Xochimilco’s oldest operating chinampas date as far back as the 12th Century. Unesco named them a World Heritage Site in 1987, and today these “floating gardens”, as they are also known, are a beloved tourist attraction – not to mention a major supplier of produce for families and restaurants throughout greater Mexico City. On weekends local families and tourists flock to the canals, browsing the souvenir stands that line the water banks and renting out space on one of the many trajineras – shallow-bottomed, gondola-style boats painted in electric shades of red, yellow, green and blue – that meander the waters. Some bring along tacos and tamales they’ve purchased en route; others buy cerveza (beer) and ears of grilled corn directly from the chalupas, or canoes, floating alongside them. With mariachi bands providing the musical entertainment, the entire scene seems like one big fiesta.

But while the area operating as a tourist attraction does a booming business, it only represents part of the nature reserve. A portion of the canals and chinampas has been set aside to form the Parque Natural Xochimilco: a more peaceful ecological reserve that’s home to migrating birds, critically endangered salamander, and hardly a tourist in site. It’s here, away from the crowds, that I learn the history behind the city’s creative agricultural system – as well as discover the tranquillity I’d been hoping to find.

Mexico City native Ricardo Rodriguez Saavedra is the director of De La Chinampa a tu Mesa, an organization devoted to restoring Xochimilco’s cultural heritage by connecting the public with the chinampas’ pesticide-free agricultural producers. Saavedra also hosts guided tours along Parque Natural Xochimilco’s canals, visiting working chinampas and providing insight into their cultivation of dozens of different plants and vegetables, including nopales (prickly pear cactus), espinaca (spinach) and calabazas (pumpkin), as well as herbs such as sage and lavender. According to Saavedra, over the past several decades many of the chinampas have actually been abandoned by the families that tend them, citing – in part – their inability to stay profitable. The chinampas that continue operating have owners that are more passionate about cultivation than turning a financial profit. Without them, however, Xochimilco will lose the exact thing that makes it unique.
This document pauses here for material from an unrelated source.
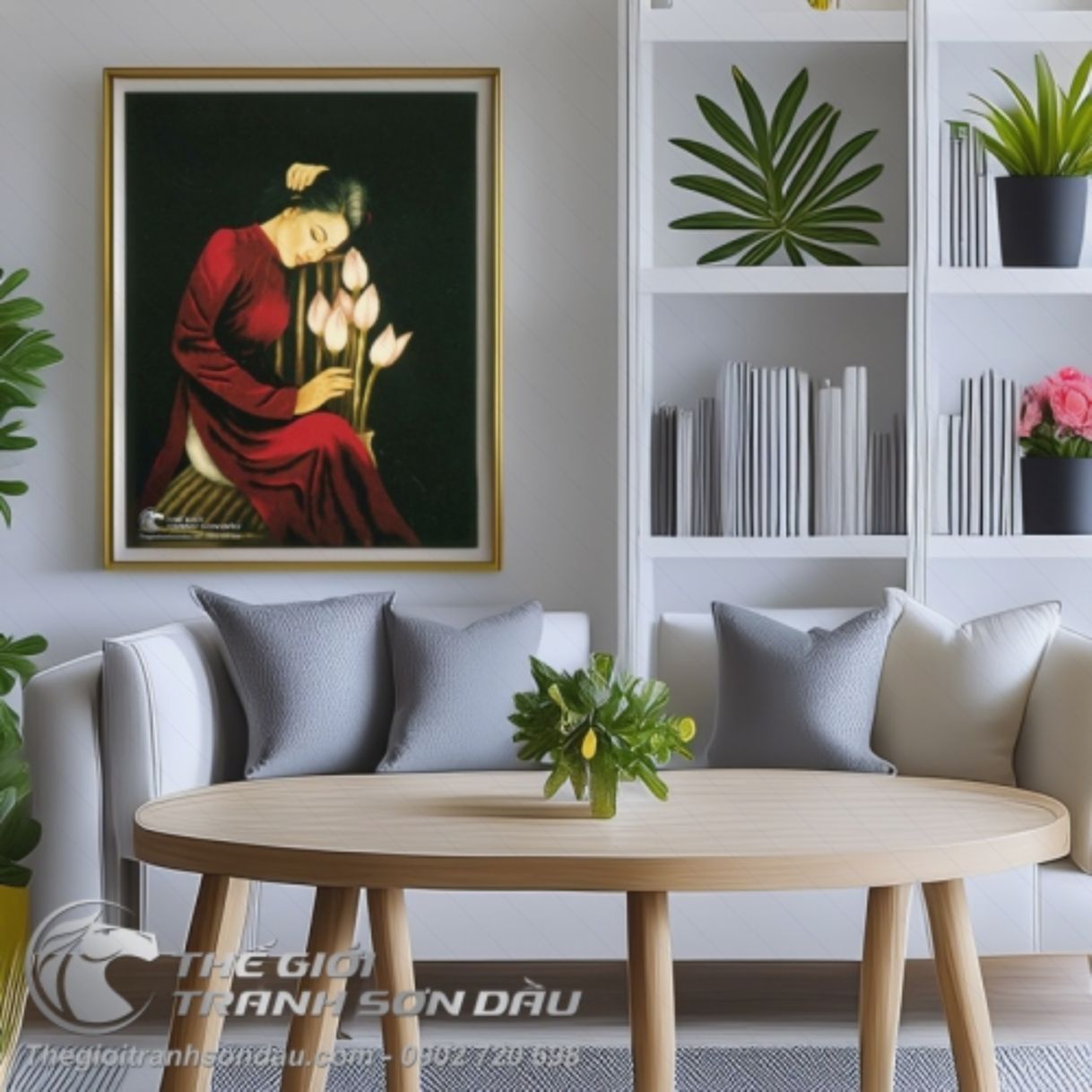 Tranh Thiếu Nữ Áo Dài Đỏ Bên Hoa Sen Sơn Dầu Đa Kích Thước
Like the livelier side of Xochimilco’s floating gardens, Saavedra’s tours take place on trajineras, but in a much quieter setting. “I’ve been offering tours for the last six years,” said the former financier, “because I want to generate awareness about Xochimilco, the chinampas, and the culture associated with them.”
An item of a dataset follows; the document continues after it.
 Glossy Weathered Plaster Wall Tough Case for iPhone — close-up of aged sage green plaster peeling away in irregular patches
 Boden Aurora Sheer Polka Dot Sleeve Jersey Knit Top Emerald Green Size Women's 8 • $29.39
To experience the work of the chinampas first hand, Saavedra treated us to a feast as we toured the canals. Aboard the boat was a cloth-covered picnic table set with handmade clay dishes and mugs, holding corn chips and homemade guacamole, a salad prepared with freshly picked chinampa produce, such as white onion and tomatoes, and served with two types of ranchero cheese, as well as plates of Oaxaca-style tamales filled with mushroom and guajillo chilli sauce. As we ate, Saavedra reminded us both what – and why – we were eating. “The food is an integral part of the tour,” he said, “because it’s made with the produce that is being grown right here.” 

Throughout the next few hours, Saavedra taught us about the chinampas, their construction and their natural surroundings. Each chinampa is a rectangular platform typically about 6m wide by 91m long, covered in mud obtained from the surrounding shallow waters and fertilised by their nutrients. Basically, it’s an inventive method of wetland farming conducive to the area, whose freshwater springs and shallow waters made it an ideal place for chinampa agriculture. The food grown here is used by some of Mexico City top restaurants, including Pujol, which some critics consider one of the top restaurants in the world. As we floated past rows of towering ahuejote trees, all was peaceful, save for the barks of a small dog running along the shore. We were virtually the only trajinera in the water.

I’d come searching for a soothing oasis in the heart of an urban centre, but had also found a diverse ecosystem integral to its surroundings. “The chinampas are entirely distinctive,” Saavedra said. “They’re part of what identify us as Mexicans.”